STUDY MATERIAL:
────

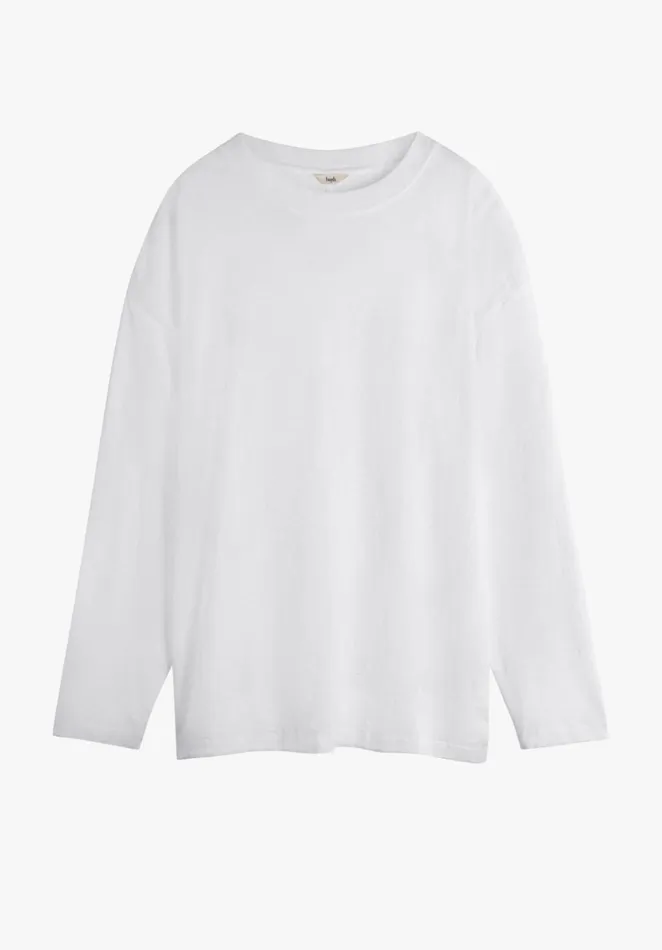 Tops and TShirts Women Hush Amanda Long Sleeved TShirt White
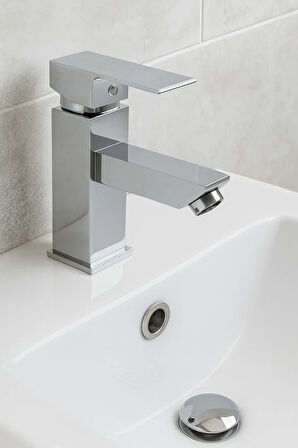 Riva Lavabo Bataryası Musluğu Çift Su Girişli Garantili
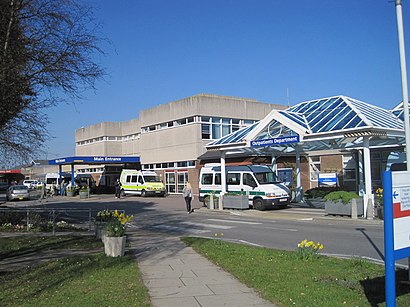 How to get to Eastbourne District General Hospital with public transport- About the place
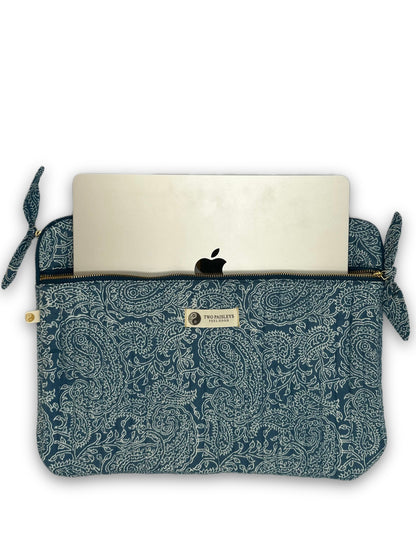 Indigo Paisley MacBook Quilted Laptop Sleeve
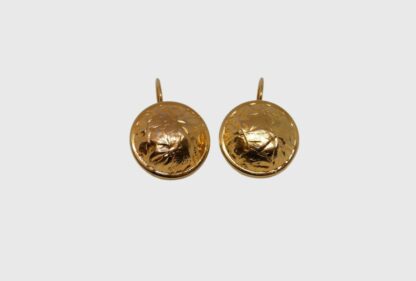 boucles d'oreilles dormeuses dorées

────

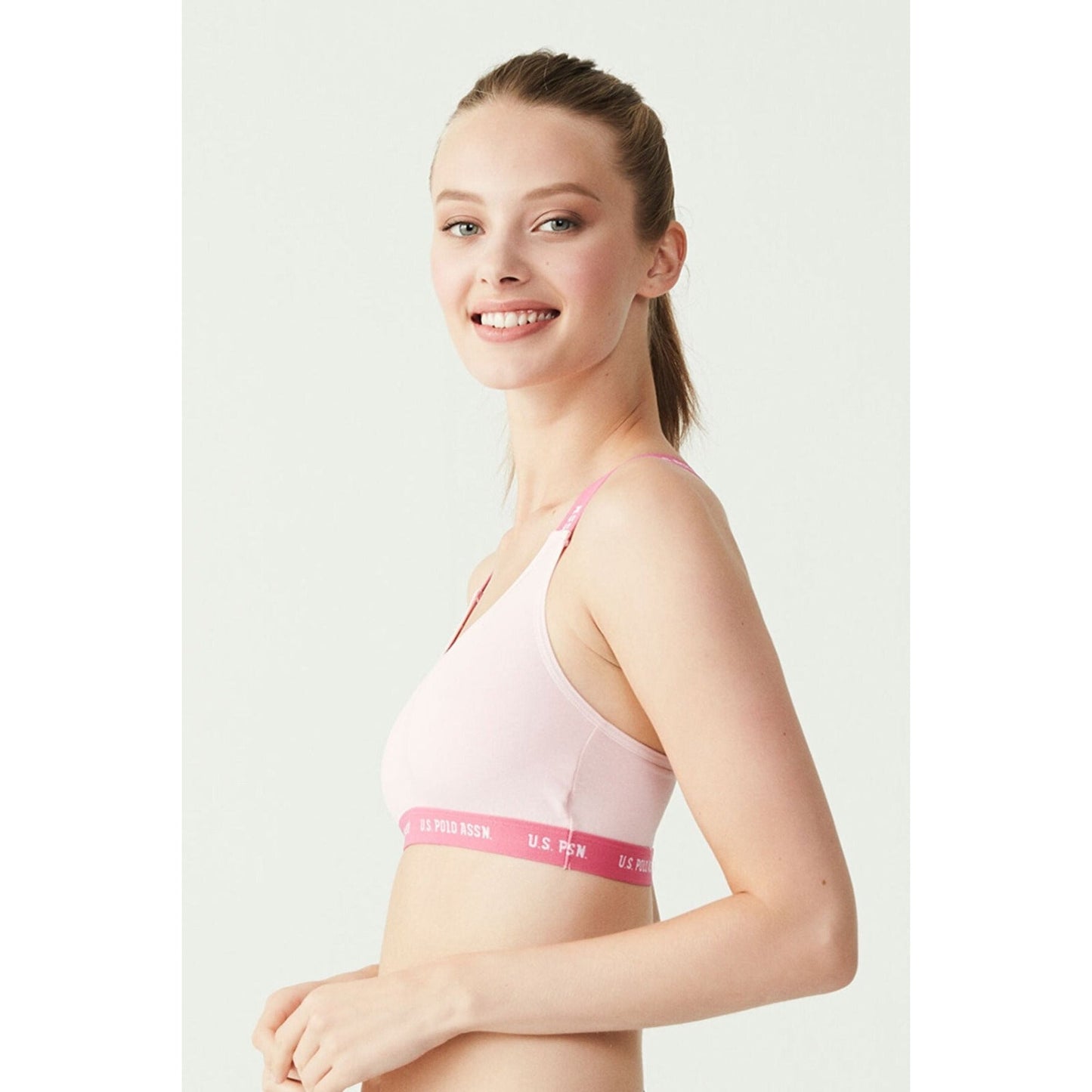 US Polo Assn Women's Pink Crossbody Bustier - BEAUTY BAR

────

WHAT IS NEEDED:
Look above for the line containing "Tops and TShirts" and the line containing "boucles d'oreilles dormeuses dorées", then reproduce both and everything between them exactly, pictures omitted.

TASK RESULT:
 Tops and TShirts Women Hush Amanda Long Sleeved TShirt White
 Riva Lavabo Bataryası Musluğu Çift Su Girişli Garantili
 How to get to Eastbourne District General Hospital with public transport- About the place
 Indigo Paisley MacBook Quilted Laptop Sleeve
 boucles d'oreilles dormeuses dorées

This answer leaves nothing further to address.